• **Activity**
After locating the line with "Asian 1970s Asian" in the data that follows, return it and every later line exactly, up to and including the line with "Monrow Ruffle Tank".

• **Stored data**
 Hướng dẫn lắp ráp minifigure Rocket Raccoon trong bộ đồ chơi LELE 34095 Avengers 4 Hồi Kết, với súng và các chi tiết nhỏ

...

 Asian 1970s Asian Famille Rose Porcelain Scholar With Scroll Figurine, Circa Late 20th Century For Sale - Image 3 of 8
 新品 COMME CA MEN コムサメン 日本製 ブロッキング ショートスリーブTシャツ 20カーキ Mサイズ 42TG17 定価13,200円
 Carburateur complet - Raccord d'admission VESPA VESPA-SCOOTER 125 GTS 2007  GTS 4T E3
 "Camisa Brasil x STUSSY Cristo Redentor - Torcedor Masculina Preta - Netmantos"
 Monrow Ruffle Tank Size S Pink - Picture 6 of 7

---

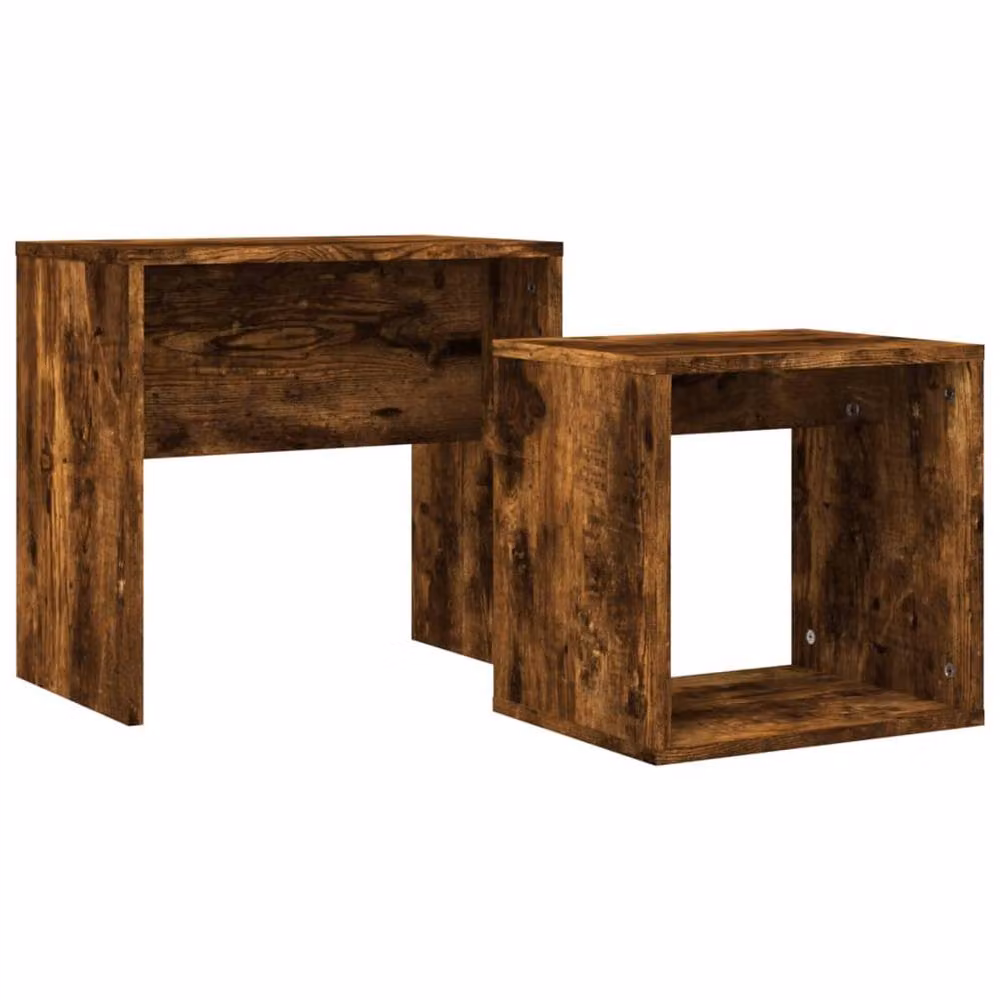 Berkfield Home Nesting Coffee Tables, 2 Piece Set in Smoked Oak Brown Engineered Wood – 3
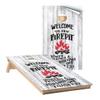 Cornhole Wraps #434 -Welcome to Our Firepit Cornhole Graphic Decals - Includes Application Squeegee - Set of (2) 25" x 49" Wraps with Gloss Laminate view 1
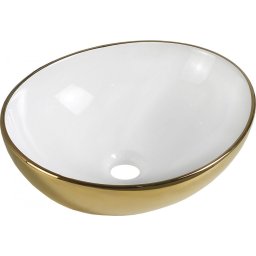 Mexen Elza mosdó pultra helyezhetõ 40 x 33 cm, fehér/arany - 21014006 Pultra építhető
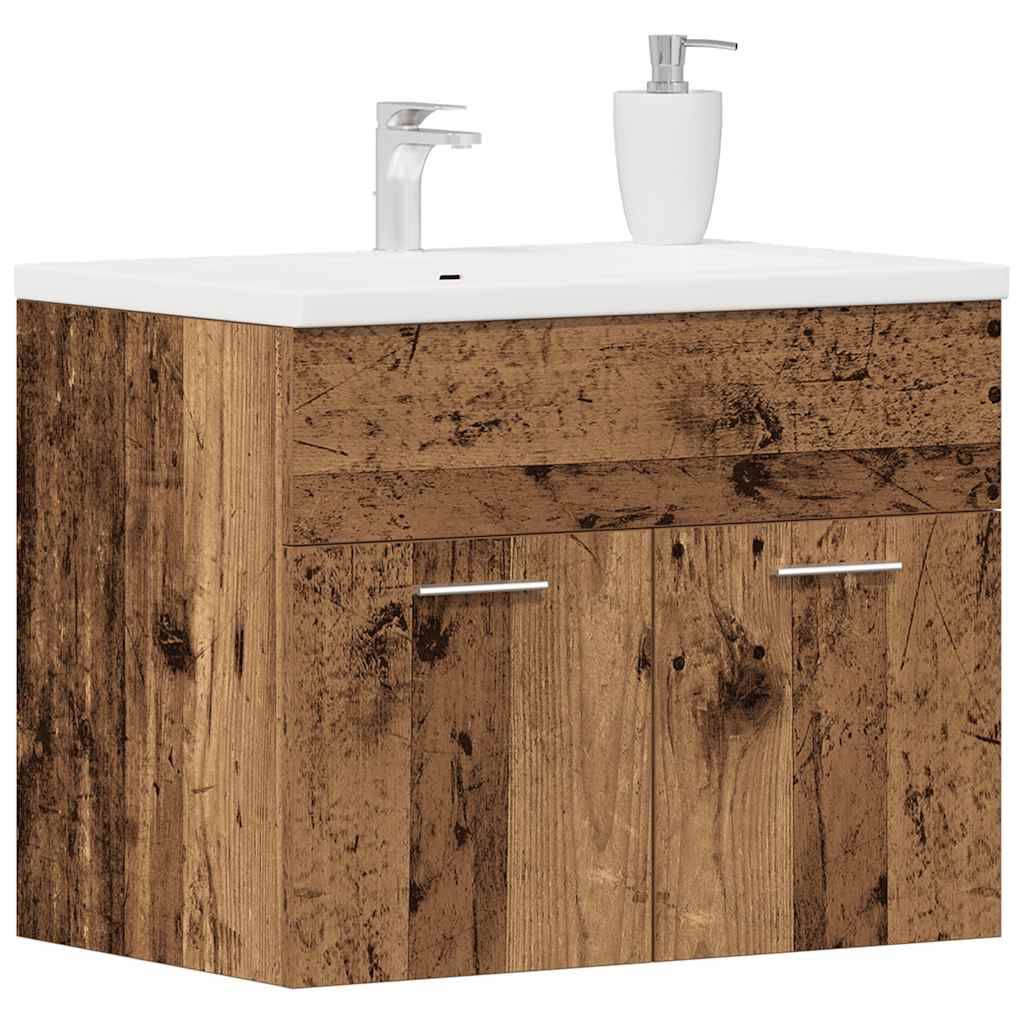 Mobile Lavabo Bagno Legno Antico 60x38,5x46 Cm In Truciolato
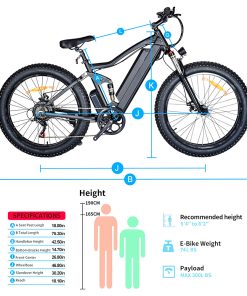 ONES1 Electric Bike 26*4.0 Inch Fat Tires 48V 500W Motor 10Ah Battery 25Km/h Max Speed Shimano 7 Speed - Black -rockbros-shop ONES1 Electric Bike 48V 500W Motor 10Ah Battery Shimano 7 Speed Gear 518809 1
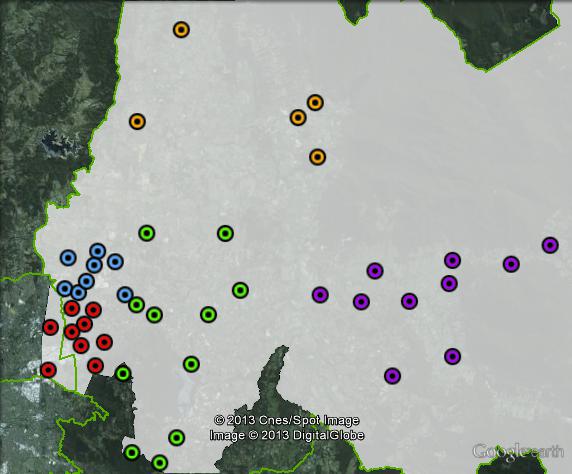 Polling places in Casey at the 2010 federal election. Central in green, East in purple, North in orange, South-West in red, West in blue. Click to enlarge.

• **Answer for this exercise**
 Asian 1970s Asian Famille Rose Porcelain Scholar With Scroll Figurine, Circa Late 20th Century For Sale - Image 3 of 8
 新品 COMME CA MEN コムサメン 日本製 ブロッキング ショートスリーブTシャツ 20カーキ Mサイズ 42TG17 定価13,200円
 Carburateur complet - Raccord d'admission VESPA VESPA-SCOOTER 125 GTS 2007  GTS 4T E3
 "Camisa Brasil x STUSSY Cristo Redentor - Torcedor Masculina Preta - Netmantos"
 Monrow Ruffle Tank Size S Pink - Picture 6 of 7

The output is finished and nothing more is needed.